[Excerpts from a dataset]
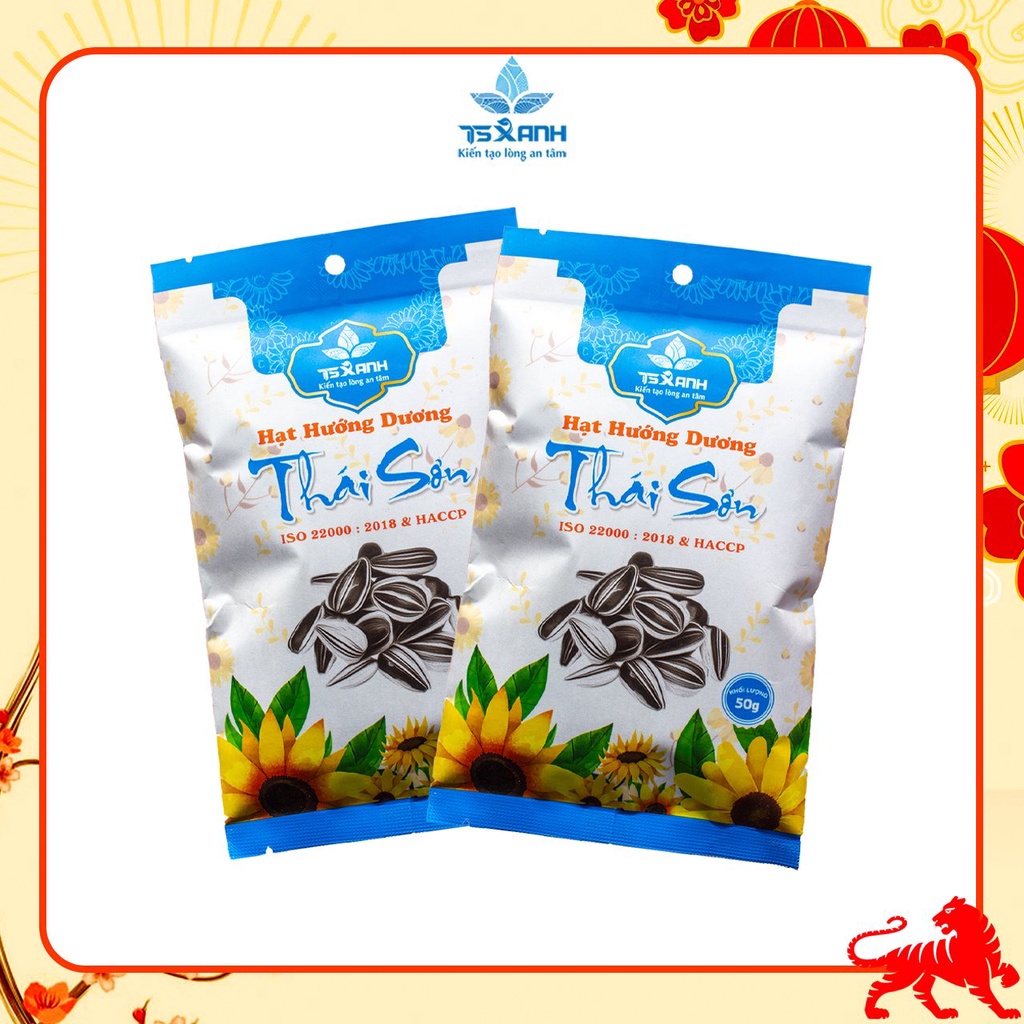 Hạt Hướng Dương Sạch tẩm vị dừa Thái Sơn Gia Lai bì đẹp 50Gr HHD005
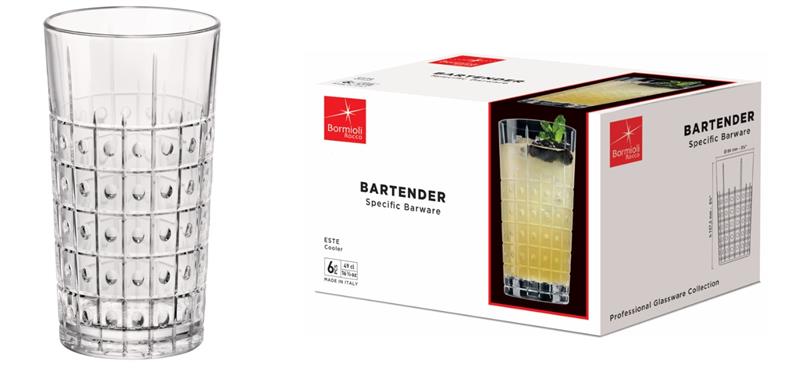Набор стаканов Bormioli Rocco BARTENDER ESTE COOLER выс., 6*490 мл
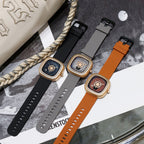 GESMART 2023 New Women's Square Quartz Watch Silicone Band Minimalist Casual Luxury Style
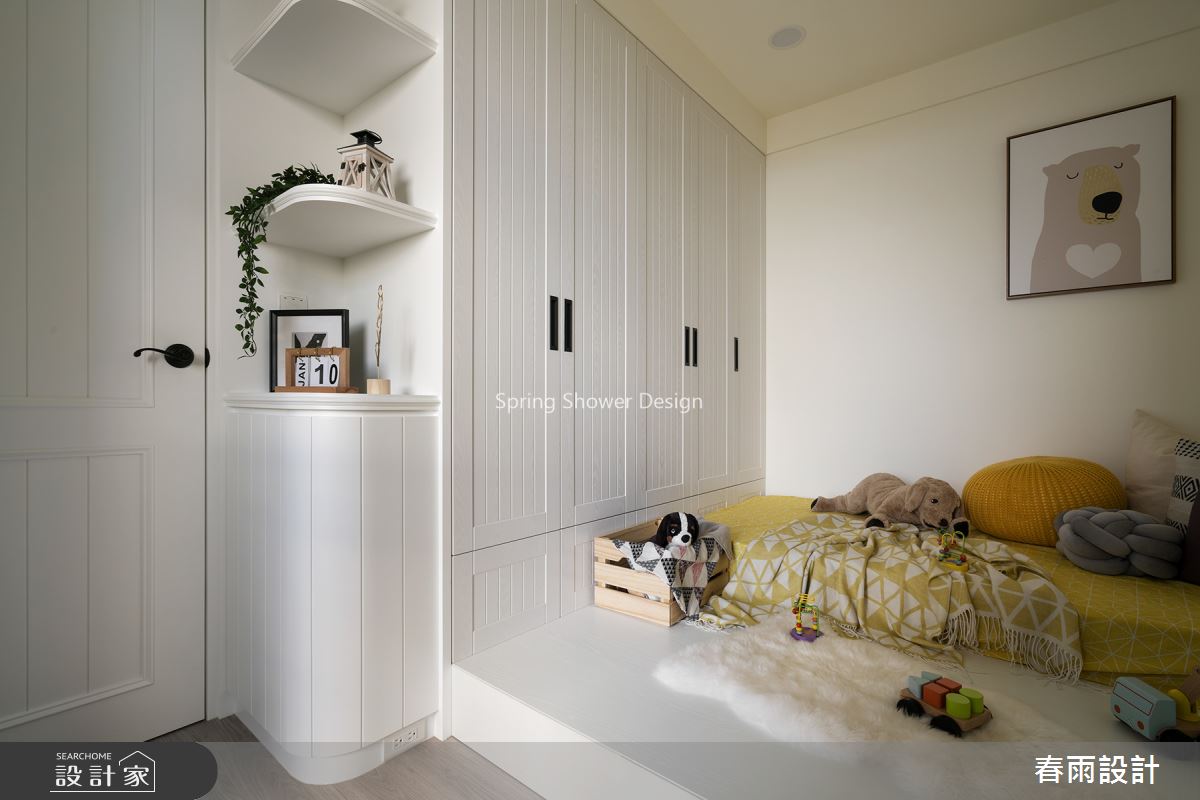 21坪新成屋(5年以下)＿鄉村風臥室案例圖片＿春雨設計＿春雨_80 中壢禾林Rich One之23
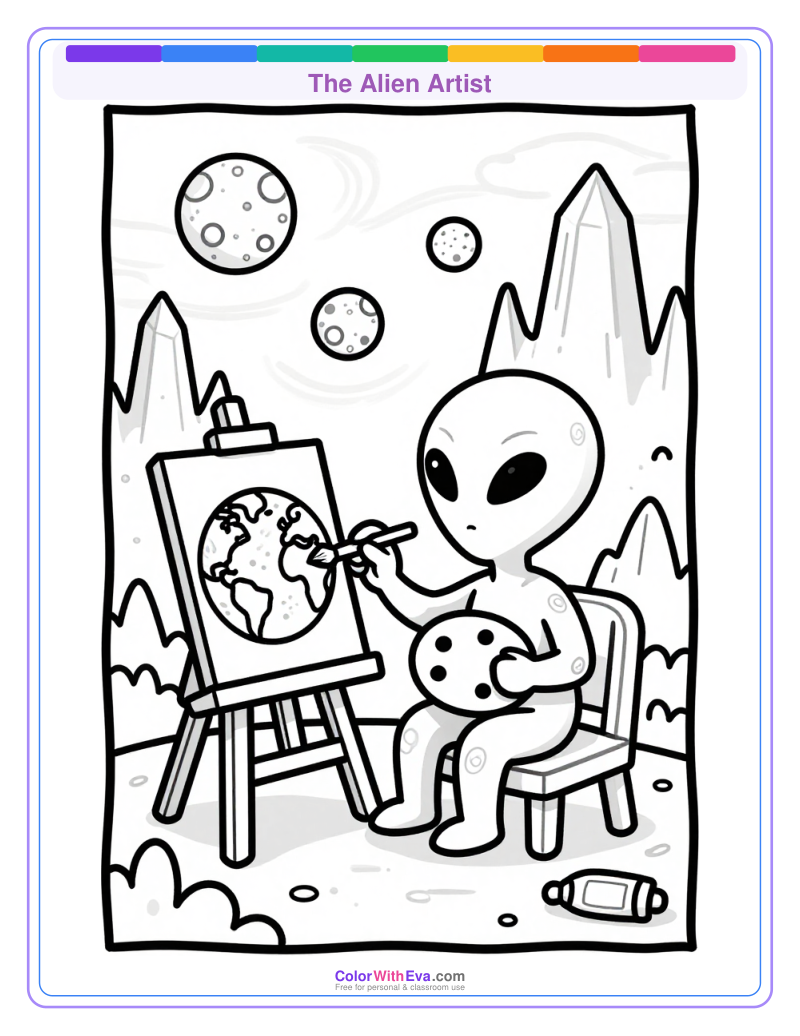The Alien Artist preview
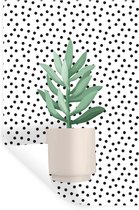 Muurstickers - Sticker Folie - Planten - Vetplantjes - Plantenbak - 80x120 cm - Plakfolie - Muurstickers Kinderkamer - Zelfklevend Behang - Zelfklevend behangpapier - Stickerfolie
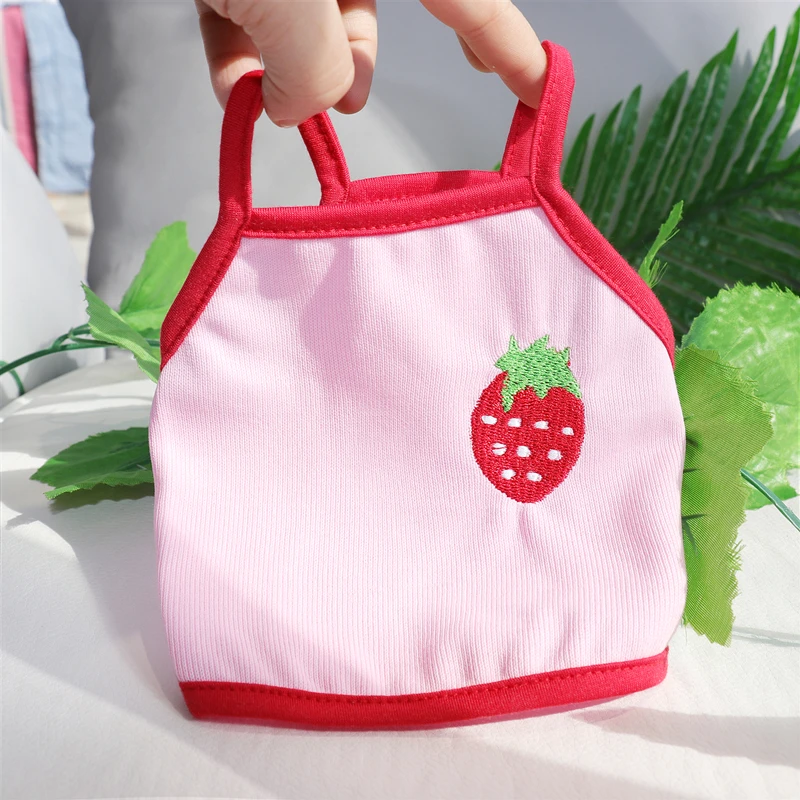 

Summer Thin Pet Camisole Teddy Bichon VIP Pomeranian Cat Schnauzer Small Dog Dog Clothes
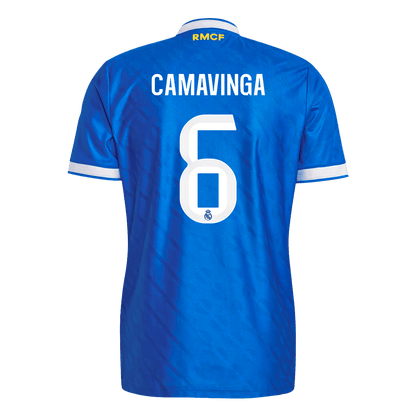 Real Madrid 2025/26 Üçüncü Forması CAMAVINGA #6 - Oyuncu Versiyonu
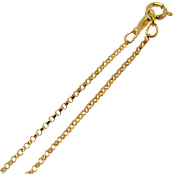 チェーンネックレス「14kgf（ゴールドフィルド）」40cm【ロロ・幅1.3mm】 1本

- Your instructions
Output only the lines running from the line with "Summer Thin Pet" through the last line of the entries above, inclusive, with pictures excluded.

- Answer for the task
Summer Thin Pet Camisole Teddy Bichon VIP Pomeranian Cat Schnauzer Small Dog Dog Clothes
 Real Madrid 2025/26 Üçüncü Forması CAMAVINGA #6 - Oyuncu Versiyonu
 チェーンネックレス「14kgf（ゴールドフィルド）」40cm【ロロ・幅1.3mm】 1本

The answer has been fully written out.